Clinical Research Associate Jobs at Fortrea Paris
Looking to advance your career as a clinical research associate in an international research environment? This role at Fortrea offers an exciting pathway into high-impact clinical research jobs, supporting global clinical trials from Paris. Ideal for professionals and those seeking a strong jobs opportunity for life science graduates, this position places you at the centre of innovation, compliance, and patient-focused research excellence.
About the Company
Fortrea is a leading global contract research organization (CRO) dedicated to advancing clinical development through scientific rigor, innovation, and patient-centric solutions. With a strong international presence, Fortrea careers offer professionals exposure to complex global trials, modern clinical technologies, and long-term growth across the life sciences sector.
Job Details:
- Job Title: Clinical Research Associate II – FSO
- Location: Paris
- Employment Type: Full-time
- Posted: Yesterday
- Job Requisition ID: 26446
About the Clinical Research Associate Role
As a Clinical Research Associate II (CRA II), you will serve as the vital connection between science and real-world clinical outcomes. In this role, you will help translate complex clinical protocols into high-quality execution at investigational sites, directly contributing to the success of global clinical trials and the delivery of innovative therapies to patients worldwide.
Key Responsibilities
- Manage clinical trial sites in accordance with Fortrea SOPs, ICH-GCP guidelines, project plans, and sponsor requirements
- Conduct all phases of site monitoring visits, including pre-study, initiation, routine, and close-out
- Ensure subject safety, protocol compliance, and data integrity throughout the study lifecycle
- Perform source data verification (SDV), query resolution, and eCRF review to maintain audit-ready data
- Maintain essential documents within eTMF and sponsor systems
- Monitor investigational product (IP) accountability, storage, and compliance with protocol and regulatory standards
- Collaborate with cross-functional teams to support site performance, timelines, quality metrics, and study goals
Required Qualifications about Clinical Research Associate
- University or college degree in life sciences, or a related allied health profession (or equivalent relevant experience)

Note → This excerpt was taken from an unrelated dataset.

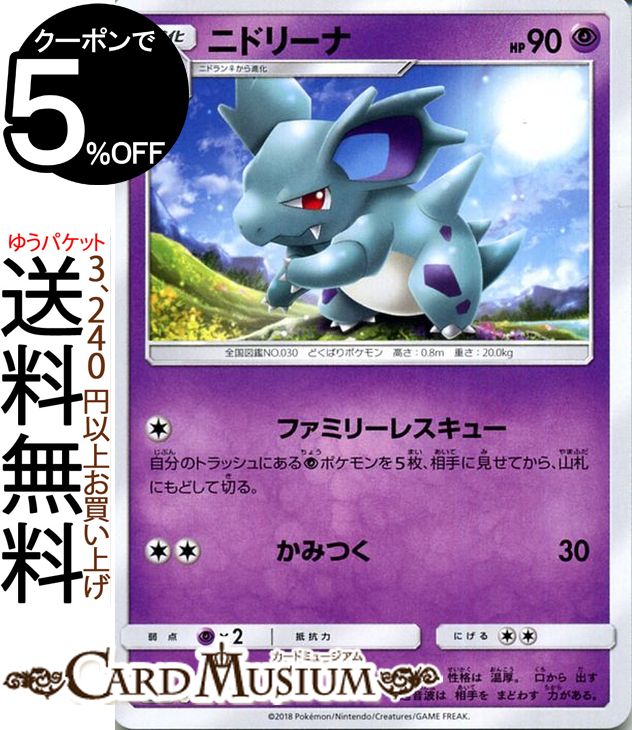 楽天市場 ポケモンカードゲーム ニドリーナ C Sm9 拡張パック タッグボルト サン ムーン Pokemon ポケモン カード ポケモンカード ポケカ ポケットモンスター サンアンドムーン サンムーン 拡張 パック 超 1進化 カードミュージアム 楽天市場店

- Strong knowledge of ICH-GCP guidelines and applicable local regulatory requirements
- Working understanding of clinical trial processes and site monitoring procedures
- High attention to detail with the ability to follow complex protocols and documentation standards
- Fluency in English (written and spoken)
- Proficiency with clinical trial systems and tools
- Ability to work independently and travel as required
Why Join a Clinical Research Associate Job at Fortrea?

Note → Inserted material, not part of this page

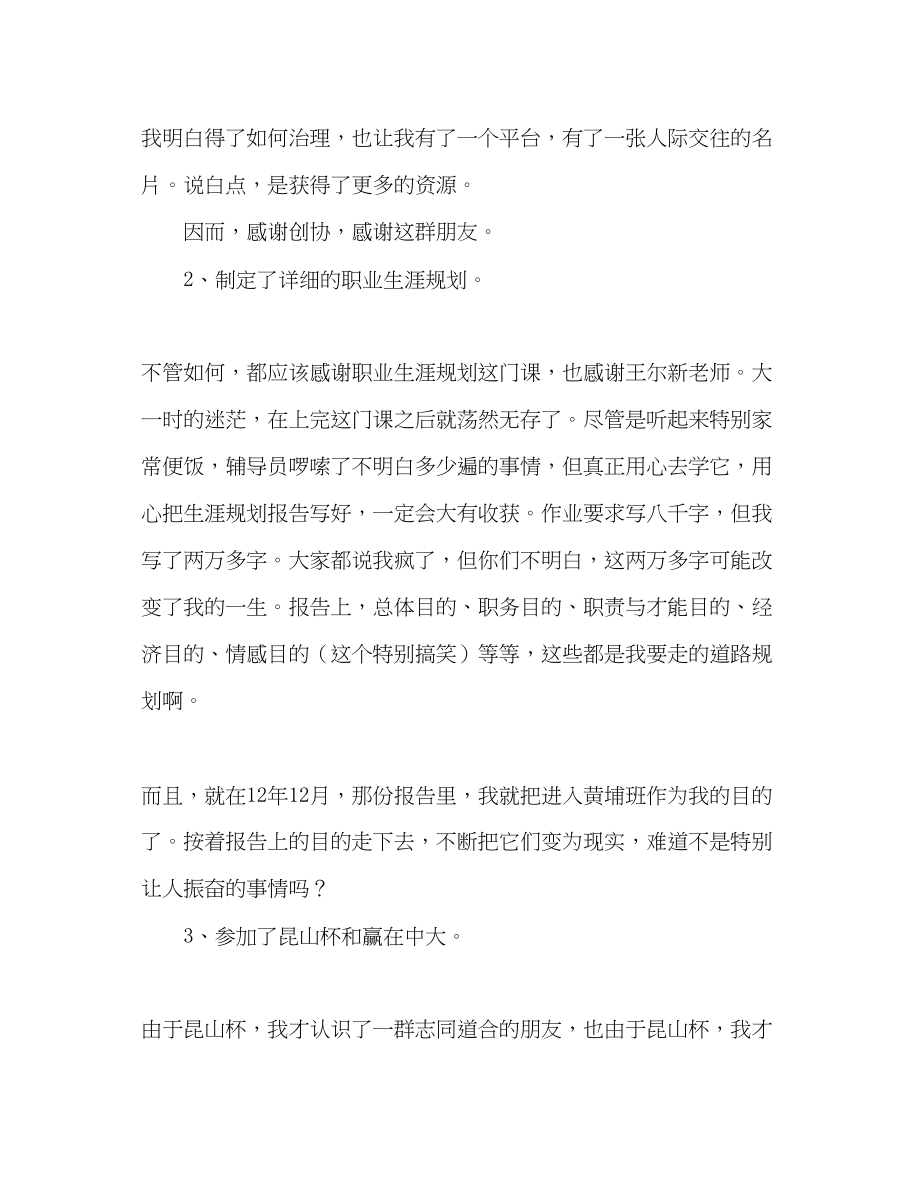 2023年大二学个人总结创协实践部部长.docx_第2页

- Contribute to advancing innovative therapies and improving patient outcomes through global clinical research
- Work in a collaborative environment that supports mentorship, learning, and professional growth
- Utilize modern clinical technologies and efficient systems that promote quality and compliance
- Benefit from a flexible work model, competitive compensation, and a strong focus on employee well-being.